┏━━

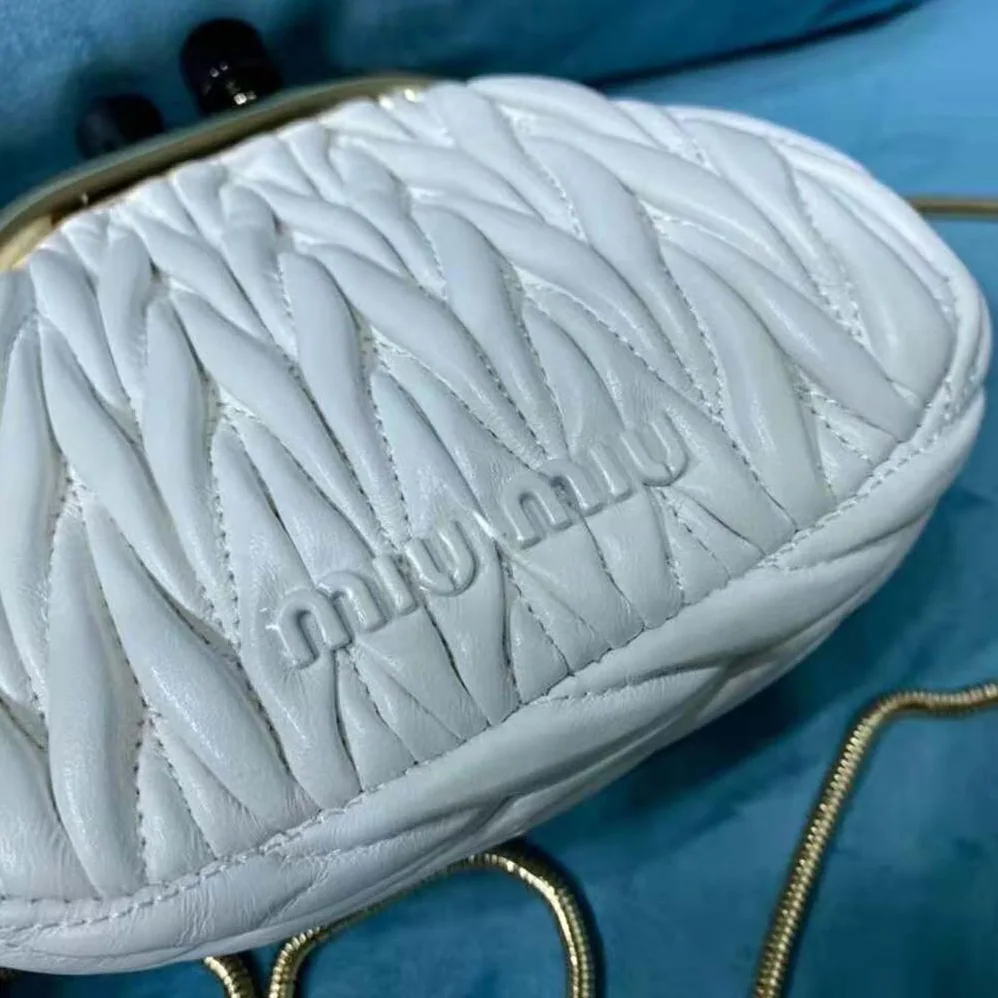 Miu Miu Miu Belle Nappa Leather Mini-Bag for Women in White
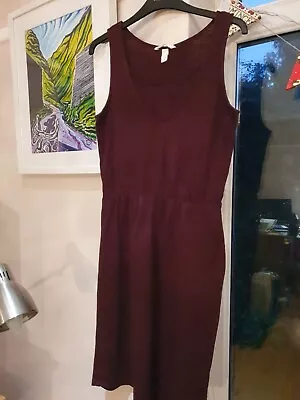 H&M Mama Breastfeeding /MATERNITY Dress Size Small (UK 10) MAROON  • £1.99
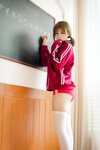 Coser@小仓千代w - No.2 - 红色体操服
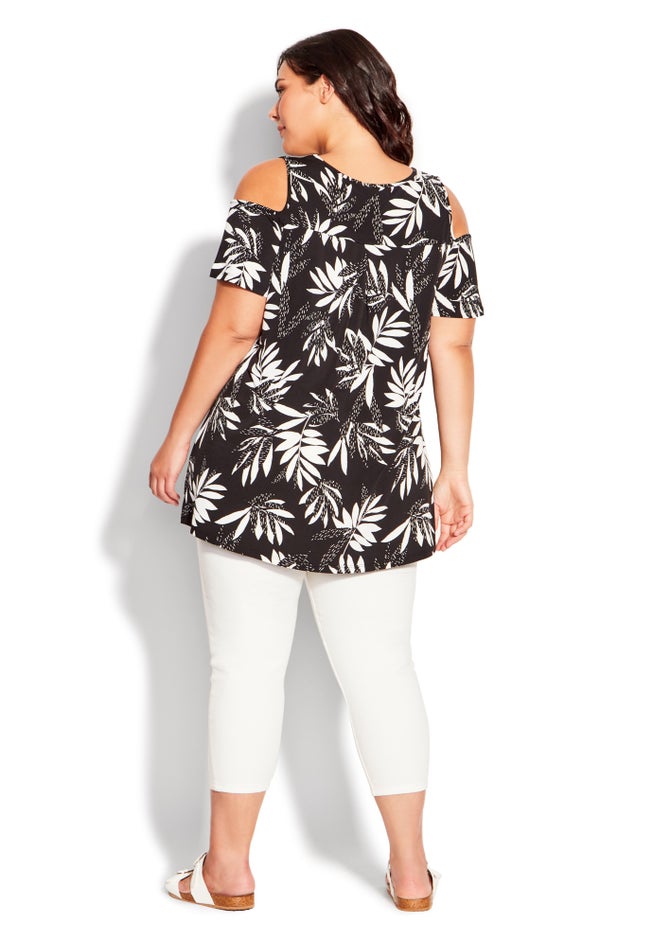 Claire Cold Shoulder Print Tunic image number 4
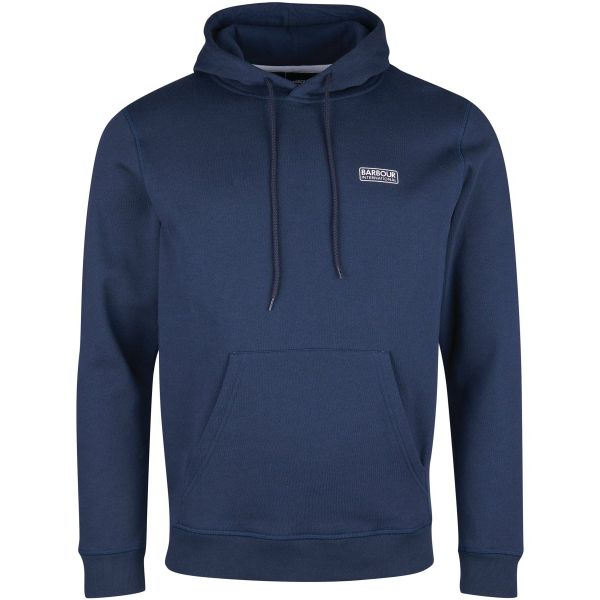 Barbour Hoodie klein logo Navy M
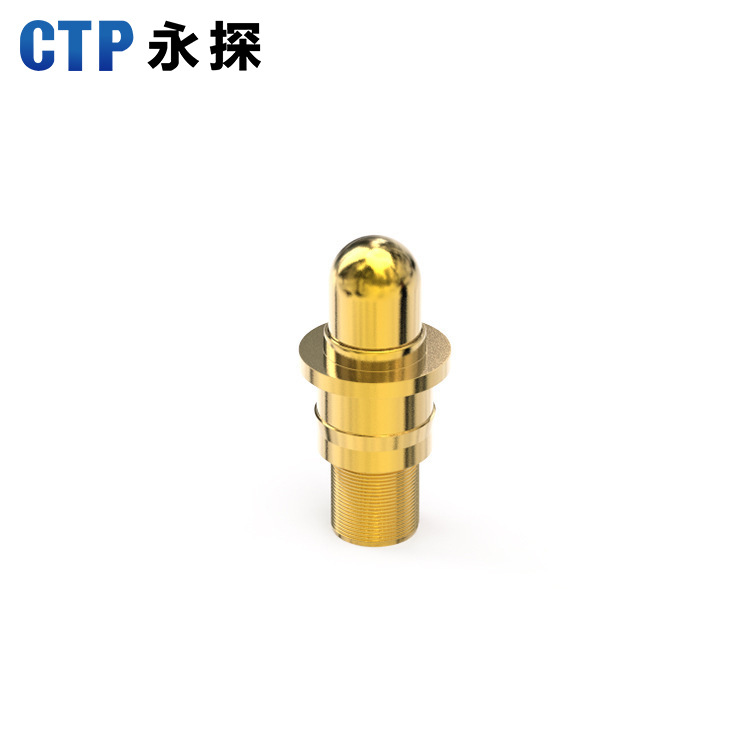TWS對耳藍牙耳機pogo pin頂針雙頭彈簧針大電流 電池插針彈簧頂針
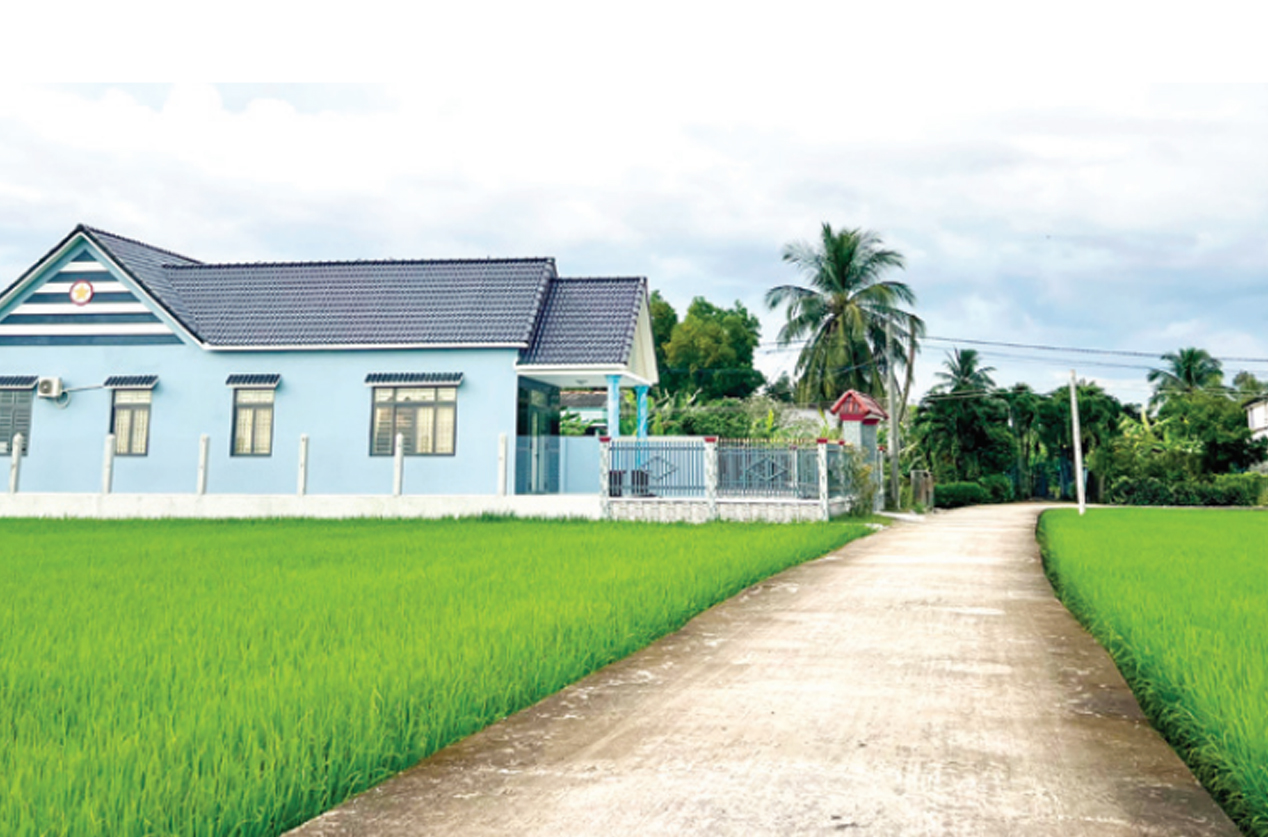 Đổi thay trên huyện nông thôn mới Tân Trụ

┗━━

• _Work to be completed_:
An exact, picture-free copy of the entries is required.

• _Your response_:
 Miu Miu Miu Belle Nappa Leather Mini-Bag for Women in White
 H&M Mama Breastfeeding /MATERNITY Dress Size Small (UK 10) MAROON  • £1.99
 Coser@小仓千代w - No.2 - 红色体操服
 Claire Cold Shoulder Print Tunic image number 4
 Barbour Hoodie klein logo Navy M
TWS對耳藍牙耳機pogo pin頂針雙頭彈簧針大電流 電池插針彈簧頂針
 Đổi thay trên huyện nông thôn mới Tân Trụ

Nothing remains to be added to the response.